Gray declined to address the incident directly but said, “My engagement with United Teachers of Lusher was characterized by professionalism and integrity. At every step of the process.”
Leonhard, a Loyola University law professor, received a harshly worded email from businessman Greg Rusovich in which he criticized her for expressing support for the union. He told her that he was suspending a scholarship for Serbian students at Loyola’s College of Law until he could discuss the matter with his family.
“You have every right to your free speech, we have every right to spend our money as we deem appropriate,” he wrote.
In early May, longtime member Andrea Armstrong, also a Loyola employee, resigned for personal reasons.
Some board members question Riedlinger’s actions
The emails also reveal disagreement over Riedlinger’s leadership.

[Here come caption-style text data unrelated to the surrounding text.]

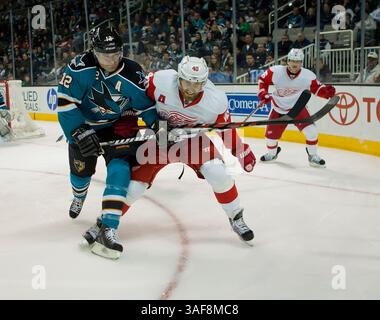 17. März 2012: Haie-Stürmer Patrick Marleau sucht sich im HL-Hockeyspiel zwischen den Detroit Red Wings und den San Jose Sharks im HP Pavilion in San Jose, CA. Die Haie führen 2-1 am Ende der zweiten Periode. â© Damon Tarver/Cal Sport Media(Kreditbild: © Damon Tarver/Cal Sport Media/ZUMAPRESS.com) Stockfoto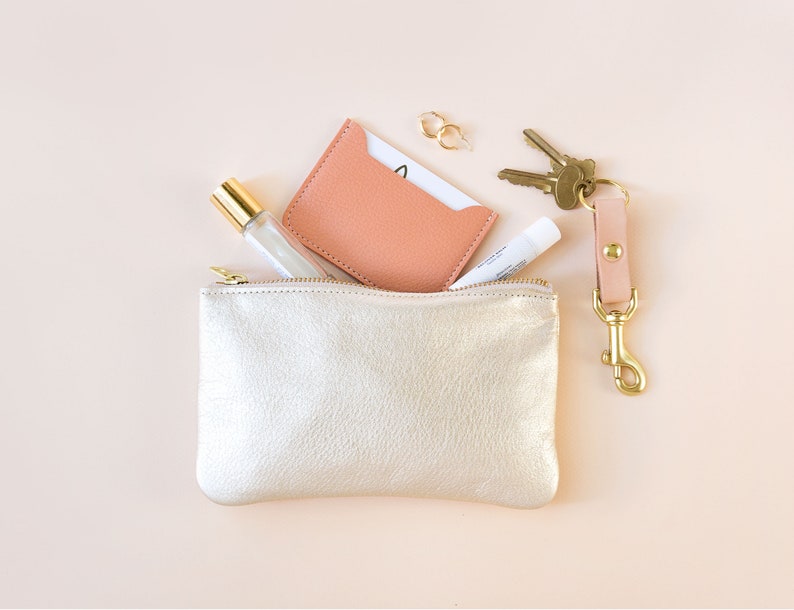 Cartera de piel dorada MAE. Cartera de piel color champán. Cartera de piel dorada. Cartera pequeña de piel. Cartera de boda dorada imagen 4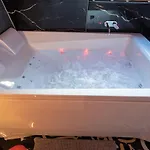 Capsule Art Deco - Jacuzzi - Netflix - Cinema - Arcade De Jeux & Nintendo Switch - 2 - Filet Suspendu Apartment *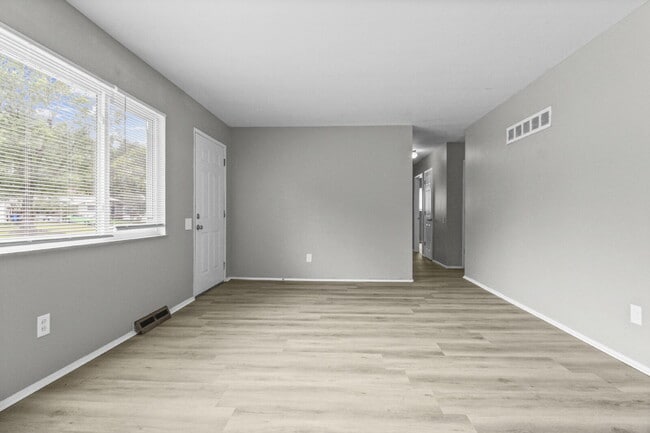 Building Photo - 2615 Flamingo Dr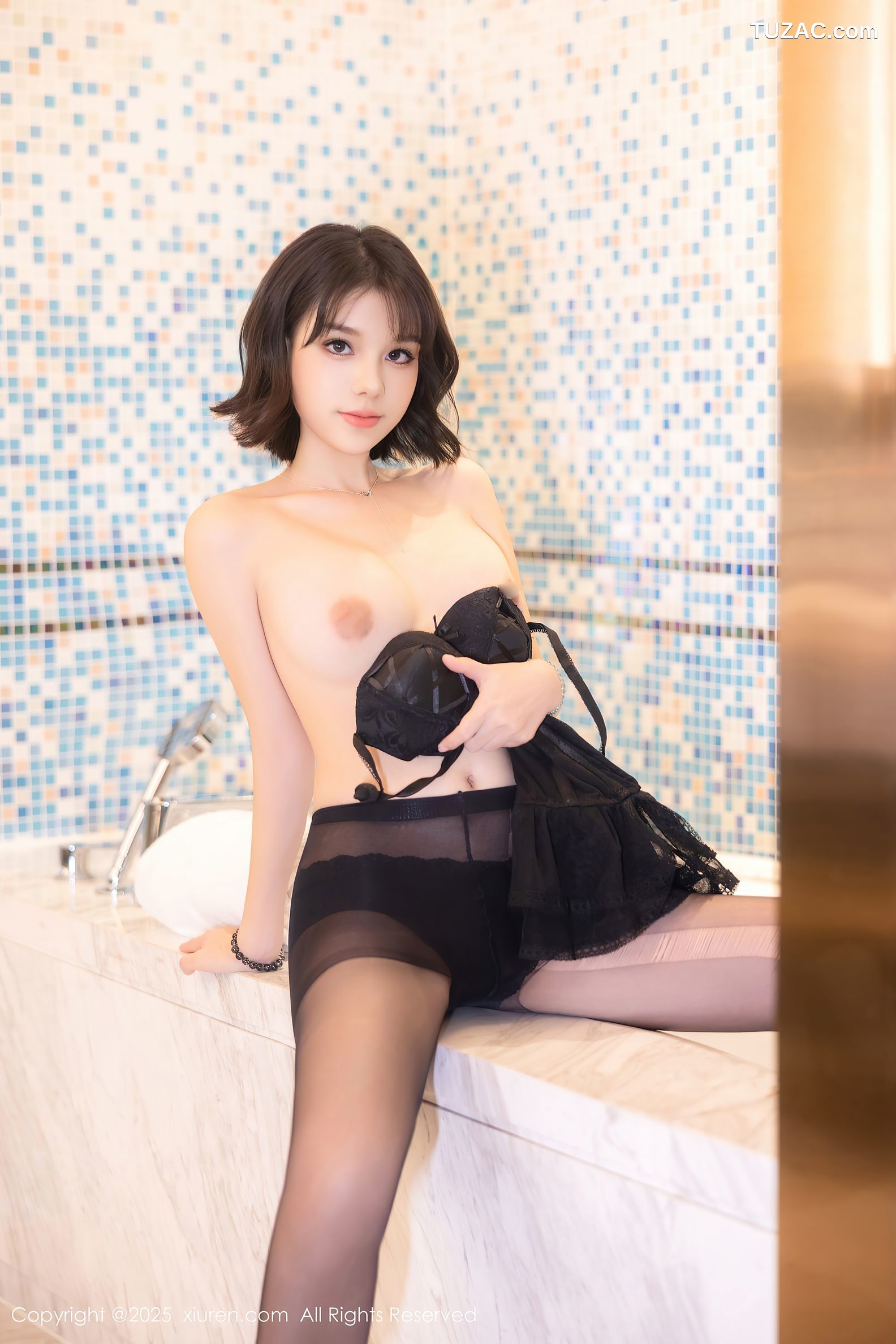 XiuRen秀人网-9713-黎苏苏-短发睡袍美女情趣黑蕾丝内衣-2025.01.06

Leonhard said she wanted administrators’ input, but the board should be able to discuss some things without them. She asked that Riedlinger and other administrators be excluded from a closed-door session in which board members would consult their attorney.
This, Leonhard wrote, “is one of those extremely rare situations where the Board’s interests and those of the school administrators may not necessarily be 100 percent aligned.”
Wisdom and Barron said that would damage their relationship with Riedlinger, whom many consider to be the driver behind Lusher’s success.
It appears they compromised. Administrators attended a portion of a closed-door meeting on April 16, and board members continued it without them.
At one point, Riedlinger complained that she was being left out of the frequent, board-wide discussions by email — some of which may violate state law requiring public bodies to discuss matters in public.
“For the first time in 11 years, I have been eliminated from our board’s email list,” Riedlinger wrote.
Through a spokeswoman, Riedlinger declined a request for an interview.
Board members also sparred over how she had responded to the union drive.
The day after the board approved a resolution stating that they would remain neutral in the upcoming union election, the administration sent an email urging teachers to vote against the union. It warned them that the union would hurt the “rare chemistry” between teachers and administrators.
A couple board members said this violated their promise to stay neutral. Others said the letter had been approved by labor attorney Mag Bickford, and the resolution applied to the board, not the administration.
Lusher formally opposed the union’s effort to let teachers vote on the issue, arguing that the charter school wasn’t subject to the federal agency’s oversight.
“We did include the jurisdiction argument,” Bickford told the board. “Because the board was split, I had to do that without a subcommittee to direct me.”
“Where,” Leonhard asked, “did you get the authority to do so? As you correctly pointed out, our board was clearly split.”
Bickford responded: “Please understand that I was copied on many emails on the topic and did not have a vote from the Board. Kathy was adamant that jurisdiction be included.”
LeCesne said, “The Board has vowed to be neutral and Kathy cannot insist on tactics that violate the policy no matter how adamant she is.”
Wisdom fired back: “Mag: Blaine does not speak for the board.”
LeCesne said it wasn’t the first time Riedlinger had interfered with the board’s lawyer, although others argued that it was well within her authority to direct Bickford.
LeCesne told the board that Robert Spencer of The Kullman Firm withdrew as Lusher’s labor attorney because of Riedlinger’s “continued, unrelenting intrusion into the attorney-client relationship.”
LeCesne said that Spencer had told him “that he had to remind Kathy several times, when she attempted to dictate legal strategy, that she was not the client, the Board was.”
Spencer declined to comment, citing attorney-client privilege.
In an interview Wednesday, LeCesne said the emails showed strong emotions, “as is the case with any highly charged issue such as this.”
He said he hoped the divisions wouldn’t have a lasting effect on the board’s leadership. “They certainly don’t from my perspective.”